А где же селение Каперна, где происходит действие бессмертной феерии «Алые паруса» (четвертый раздел)?: «Лисс лежал всего в четырех верстах от Каперны». По всем признакам – это район Карантинной бухты, расположенной между центром Севастополя и раскопками Херсонеса. Откуда название? Наиболее вероятны две посылки: от слова «капер» («благородный» пират, которого Грин настойчиво поминает в рассказе «Корабли в Лиссе» как находящегося невдалеке и контролирующему выход из гавани), или - от евангельского Капернаума. В связи с феерией автор данной работы ставит еще один вопрос: «Ассоль, кто ты?» (пятый раздел) и выдвигает гипотезу, что на этот образ Грина могла натолкнуть поэма А.А. Ахматовой «У самого моря», поскольку ее героиня в тех же местах, то есть, в Севастополе, мечтает о царевиче, вглядываясь в морскую даль: «Верно, царевич уже в дороге, / Морем за мной он сюда приедет...»

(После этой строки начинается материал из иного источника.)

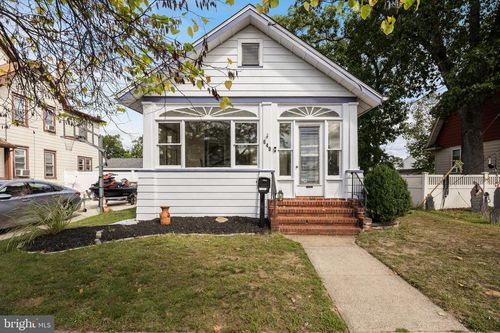 649 Bridgeboro St, RIVERSIDE, NJ, 08075-3435 | Card Image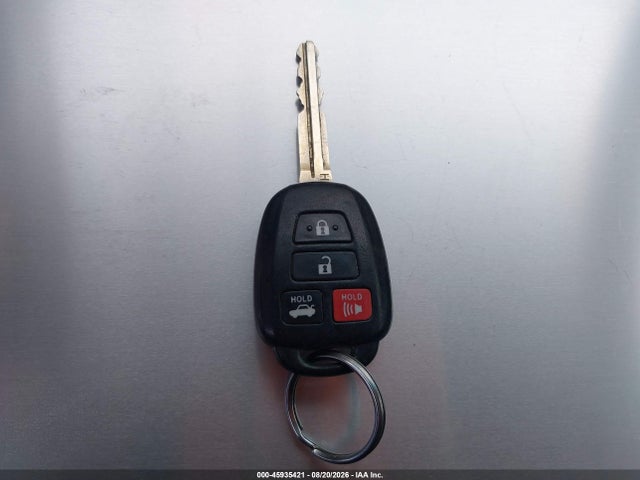 4T1BF1FK1HU664765 Toyota CAMRY SE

Мы еще очень мало знаем творчество Грина. Мы зачастую читали лишь избранные его произведения, бесспорно – прекрасные, и изданные многомиллионными тиражами, но – далеко не полностью отражающие всю многогранность творчества писателя. А Грин – очень интересен и сегодня. Лично мне притягательны и самые ранние его рассказы – написанные в 1906-1907 годах, вскоре после выхода из севастопольской тюрьмы. Ранит сердце рассказ «Случай»… Он – и отражение тех дней, и предчувствие того губительного для России водоворота революции 1917 года… Наверное, Александр Грин, как человек, как писатель – просто опередил свое время. Наверное, он был бы счастлив на день оказаться в нашем времени. На день, не более, восхититься новинкам науки и техники и – вернуться в свои дни. Потому что, несмотря на все достижения прогресса, люди остались прежними, и «Блистающий мир» - по-прежнему – за горизонтом… Грин был верен простой истине: "Душа в том, чтобы делать так называемые чудеса своими руками. Когда для человека главное получить дражайший пятак, легко дать этот пятак. Но когда душа таит зерно пламенного растения-чуда, сделай ему это чудо, если ты в состоянии. Новая душа будет у него и новая у тебя”. Нам надо почаще вспоминать об этом.